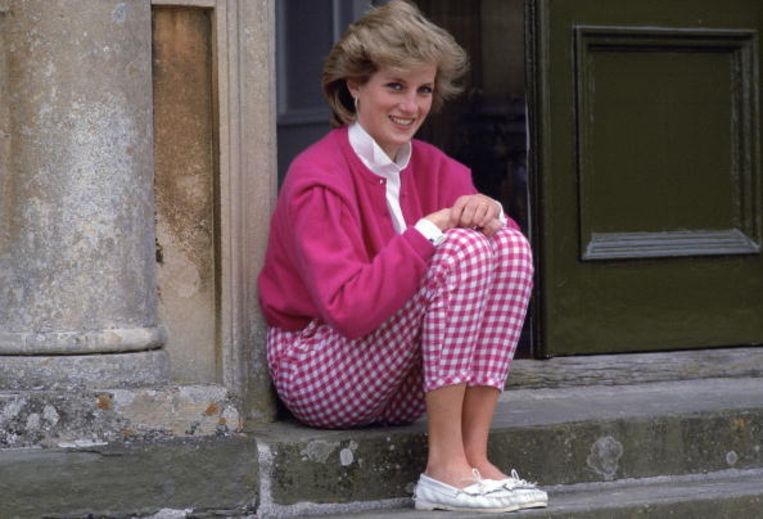 Prinses Diana thuis, op de trap voor Highgrove House, 18 juli 1986. Beeld Getty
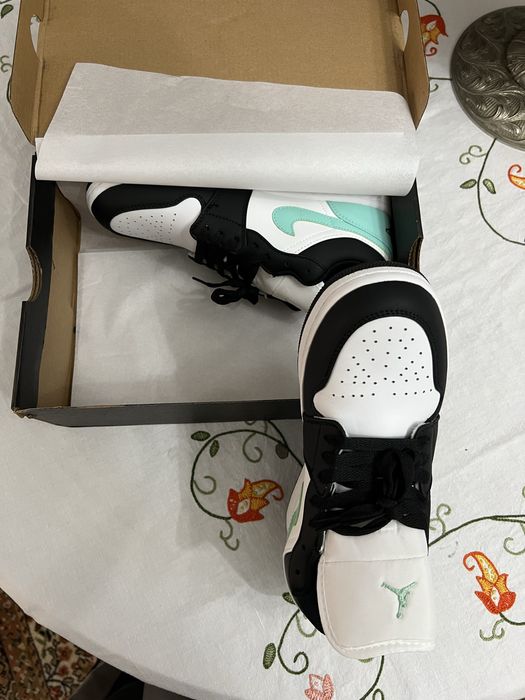 Air Jordan 1 Low  42
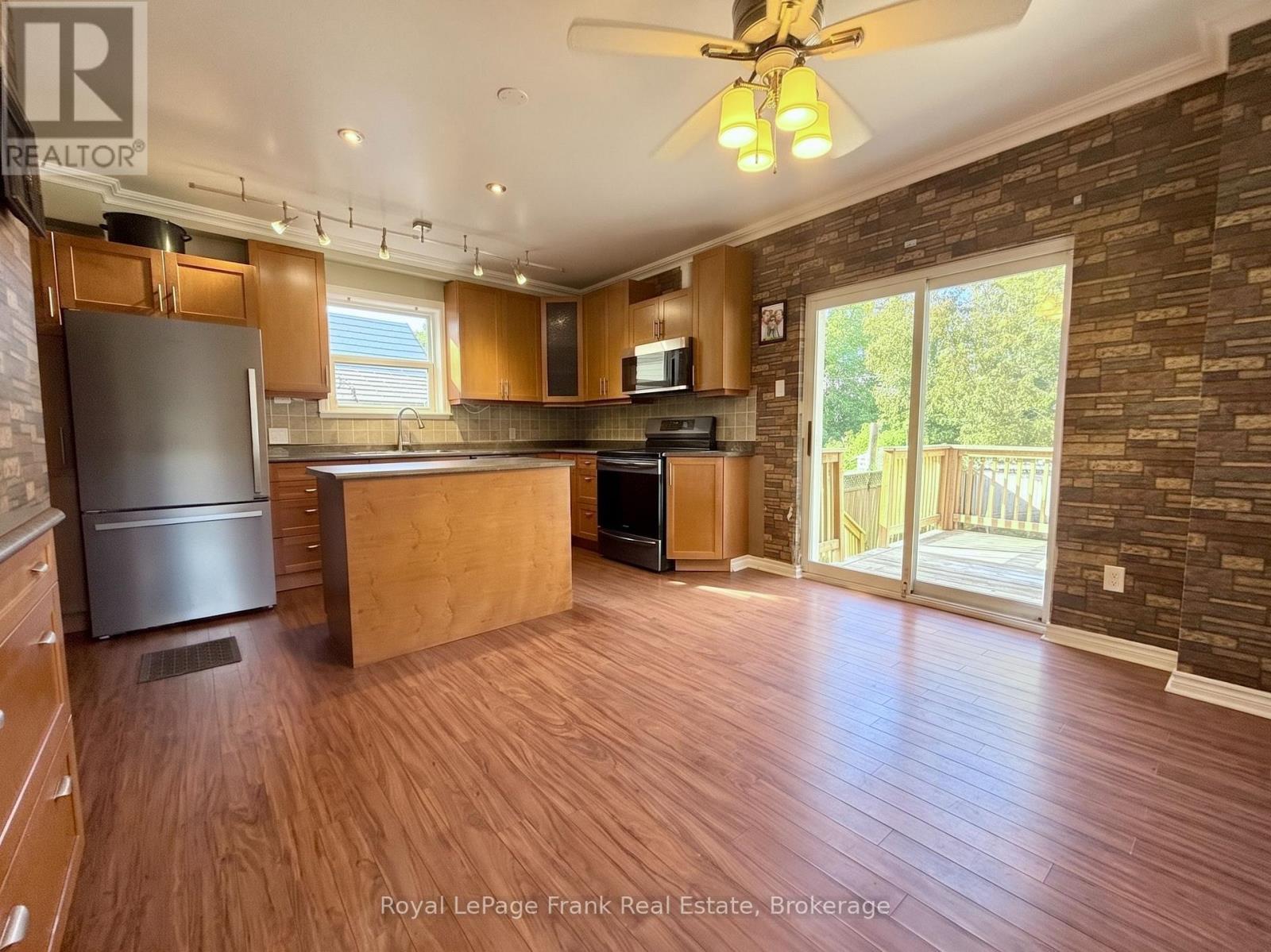 672 Romaine Street, Peterborough (Otonabee Ward 1), ON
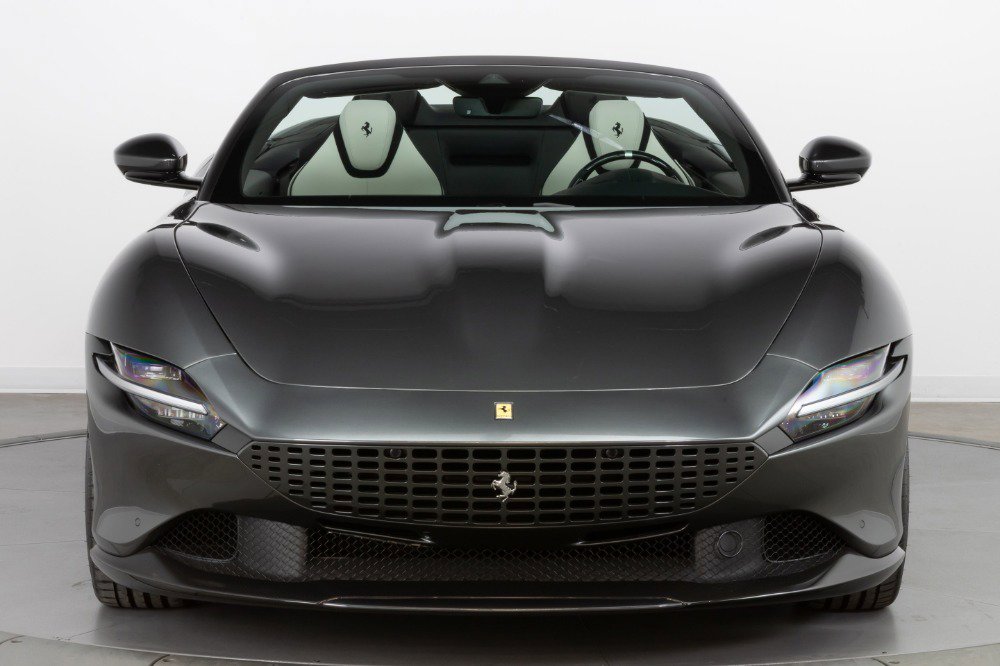 Used 2024 Ferrari Roma Spider image 10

########################################

● EXERCISE REQUIREMENTS: Nothing but the pictures may be dropped as you repeat the listing above exactly.

● RESPONSE TO THIS EXERCISE:
 Prinses Diana thuis, op de trap voor Highgrove House, 18 juli 1986. Beeld Getty
 Air Jordan 1 Low  42
 672 Romaine Street, Peterborough (Otonabee Ward 1), ON
 Used 2024 Ferrari Roma Spider image 10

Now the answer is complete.